Financial Aid - Issue Briefs - Publication Number: IB01-2 (November 14, 2001)
Meeting Need and Rewarding Talent--Status of Undergraduate Financial Aid at University of Missouri
The fundamental rationale for student financial aid is to provide educational opportunities for students who are "needy and deserving." How well are student financial aid programs at the University of Missouri serving these purposes? This Issue Brief provides basic descriptive data on the status of undergraduate student financial aid by need, academic discipline, student level, and ethnicity.
Does the University of Missouri share the similar tendency for student aid to be used to help institutions recruit academically well-prepared students? Is there a conflict between trying to attract students of high academic ability and attempting to attract an economically, socially, and ethnically diverse student body?
Total financial aid from institutional sources include dollars awarded based on need and merit. These types of programs include athletic, employment, and tuition and fee remissions or waivers.
The amount of the need-based grants to University of Missouri undergraduates has increased over the years, ranging from a 160% increase at UMSL to 73% at both UMC and UMKC. UMR did not provide this type of assistance. Table 1 (PDF 42 KB)

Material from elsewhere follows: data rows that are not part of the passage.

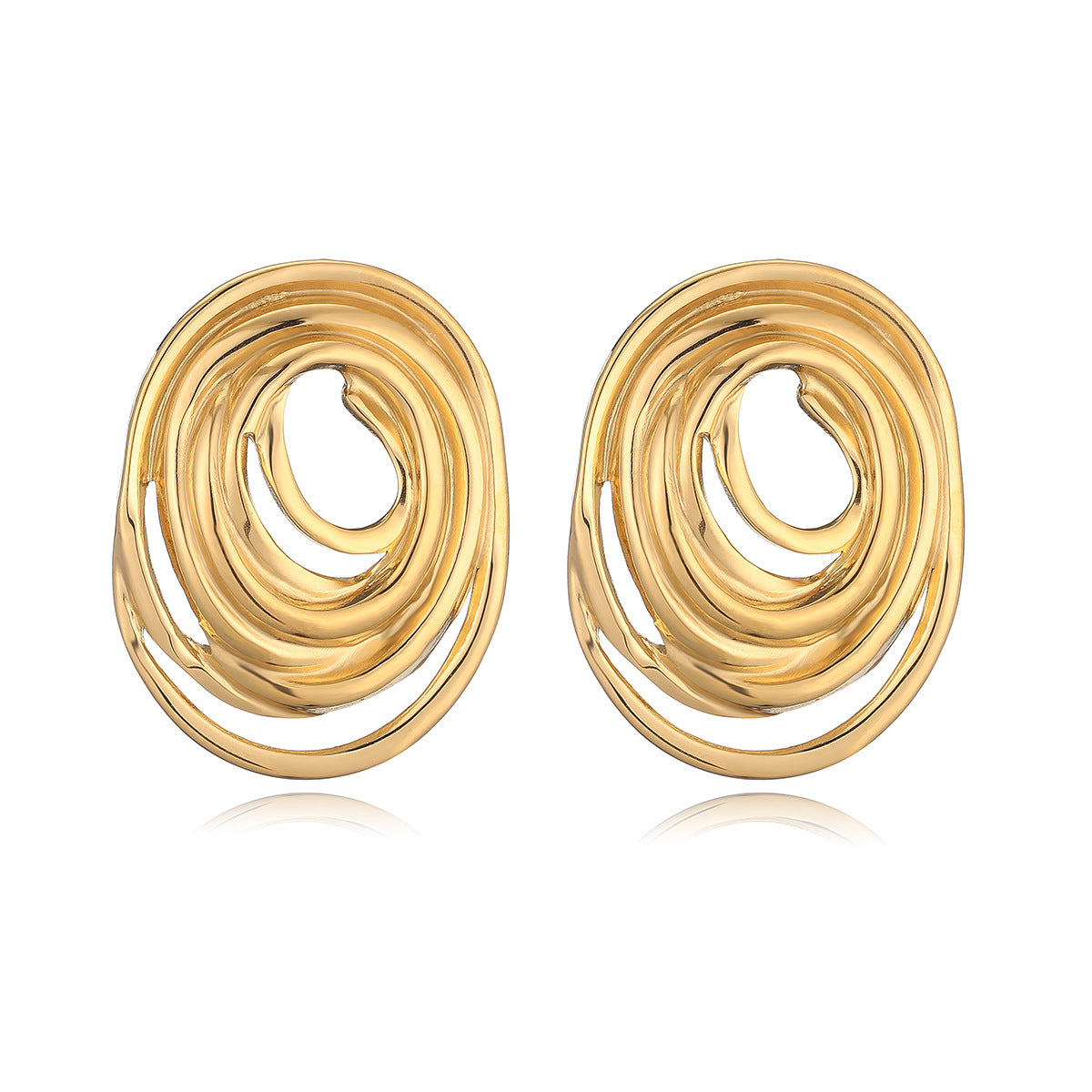 Geometric Stainless Steel Stud Earrings for Women with Gold Plating, Fashionable and Unique Irregular Design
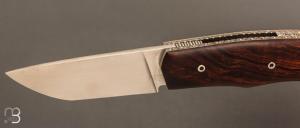  Couteau " Brimbelle " Liner-Lock flipper par Louis Contat - Bois de fer et 14c28N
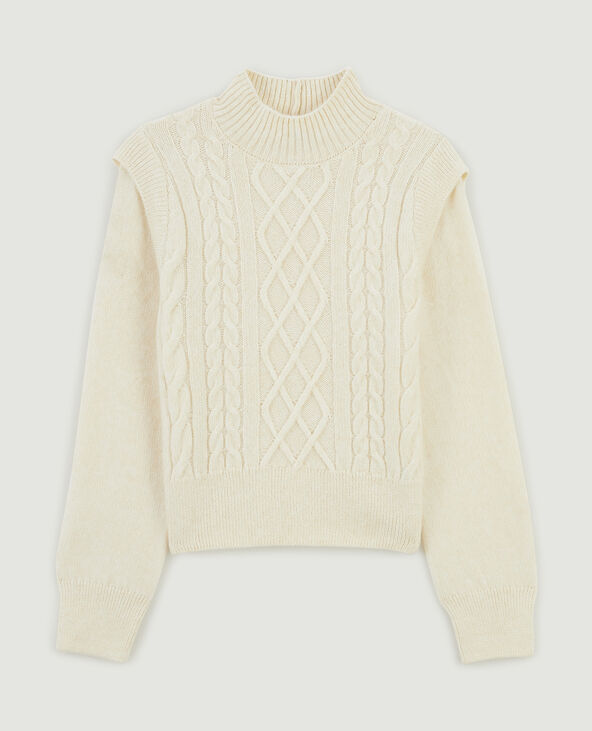 Pull maille torsadée avec ailerons blanc - Pimkie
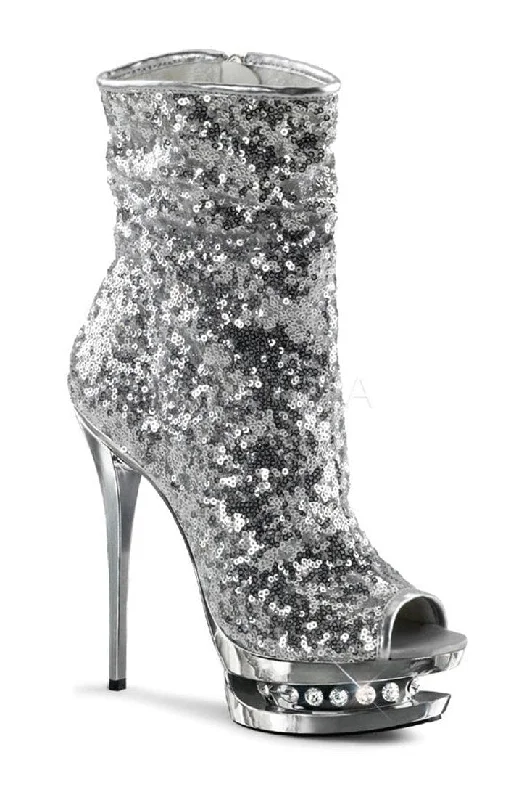 Comfortable Walking Sandals BLONDIE-R-1008 Platform Boot  | Silver Sequins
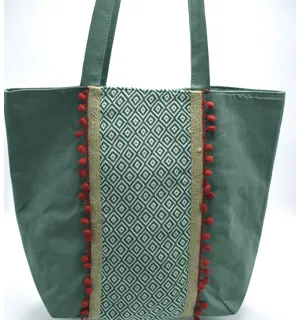 Saint Tropez bag green with chevron patterns and red pompoms Fouta Tunisia - 1 2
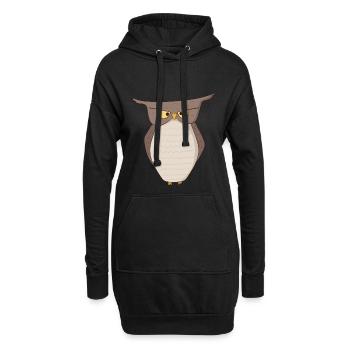 Hibou Noctambule - Sweat-shirt à capuche long Femme - noir - Devant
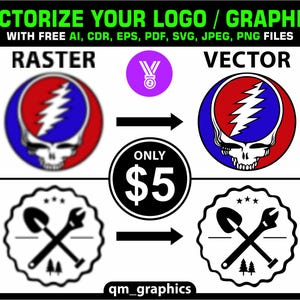 May include: A graphic design service advertisement titled VECTORIZE YOUR LOGO / GRAPHICS. It displays two examples of raster images converted to vector format: a red, white, and blue skull logo and a black and white badge with tools.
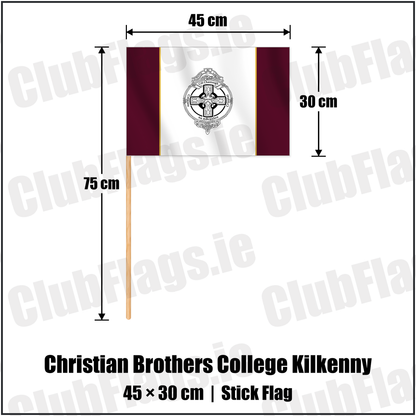 Christian Brothers College Kilkenny 30cm x 45cm Stick Flag with the club crest and colours, Kilkenny GAA - ClubFlags.ie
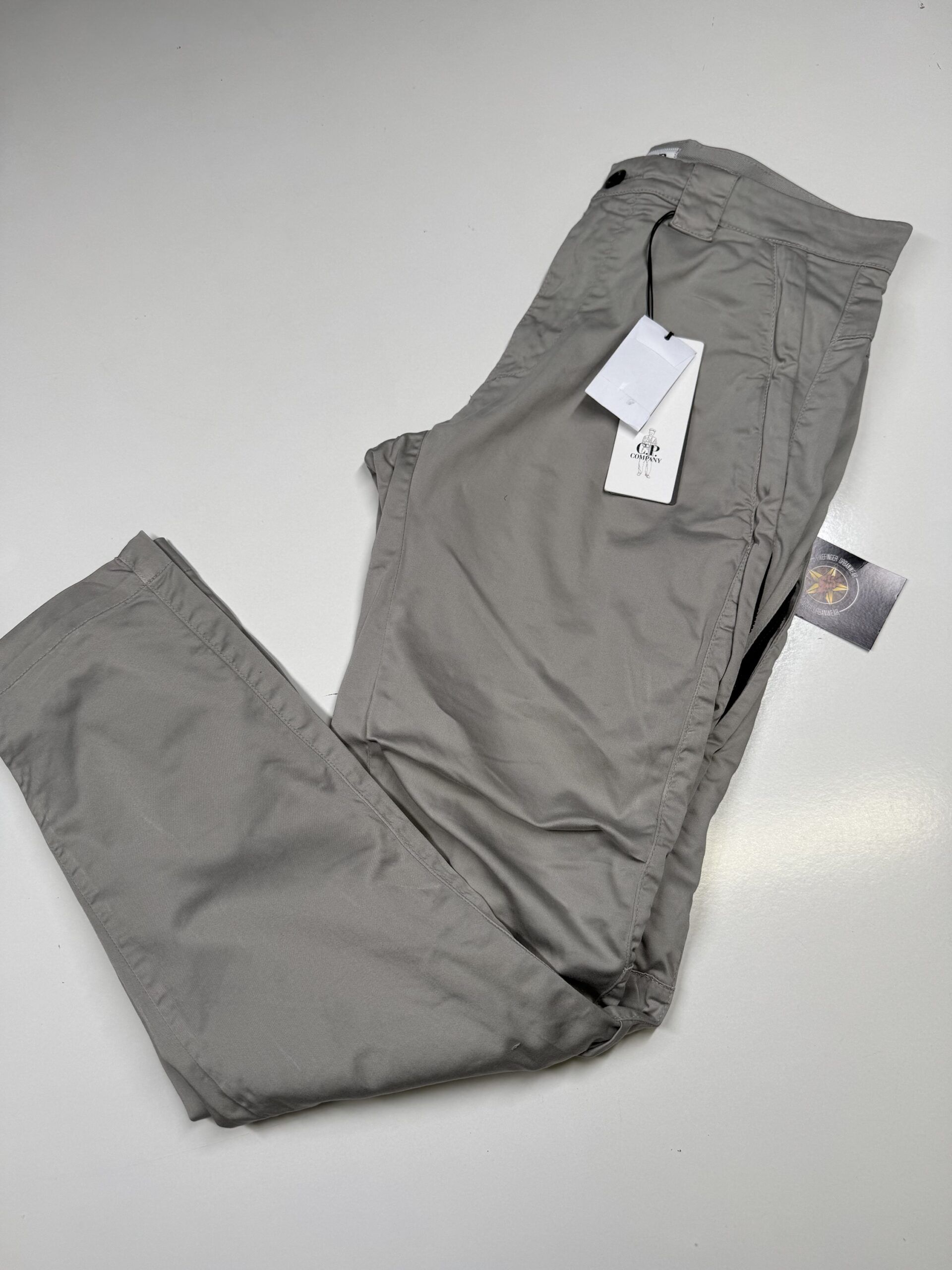 img_8807-3 CP Company 061A Satin Stretch Cargo Pants in Drizzle Grey / 913 - Image 1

All four campuses reported a significant decrease in need-based loans for undergraduates from institutional sources. UMSL stopped providing need-based loans in FY2000. UMC reported a 59% reduction in the amount of need-based loans given; UMR, 23%; and UMKC, 5%. Table 1 (PDF 42 KB)
The Higher Education Academic Scholarship Program, also called Bright Flight, is a state merit- based scholarship program designed to encourage top-ranked high school seniors to attend approved Missouri postsecondary schools. It has been the most important source of financial aid from the State of Missouri for our campuses. Nearly 50% of the State's total Bright Flight money has been awarded to the University of Missouri. Table 2 (PDF 43 KB)
The Charles Gallagher Student Financial Assistance Program, also called Missouri Student Grants Program, is a state need-based grant program for Missouri citizens to access to Missouri postsecondary education. There has been a 5% increase in the total amount awarded to University of Missouri in the last five years. This percentage is double the amount of five years ago, illustrating an increased need for financial aid. Table 2 (PDF 43 KB)
More freshmen received financial aid dollars than upper-divisional students, except at UMC. The difference was the most pronounced at UMKC and UMSL campuses. In FY2000, 17% more UMKC freshmen received financial aid than seniors; and 16% more UMSL freshmen received aid dollars than seniors. Table 3 (PDF 45 KB)
The highest percentage receiving financial aid was those students majoring in math/science on the three campuses (In this report, mathematics combined mathematics, computer and information sciences, biological sciences, life sciences, physical sciences). UMKC mathematics majors, however, ranked in the lowest percentiles to have received the aid money. Humanities students at UMC and UMR, as well as engineering and business students at UMSL, were among the lowest percentiles to have received financial aid dollars. Table 4 (PDF 46 KB)
About 85% of the African-American students received financial aid. Table 5 (PDF 39 45) At the same time, more African-American students (18%) have accumulated a loan debt of $20,001 or higher than any other ethnic groups. Table 6 (PDF 49 KB)
Over the past three years, the percentage of students in debt did not increase significantly at the University of Missouri. Approximately 50% of all undergraduates were debt free.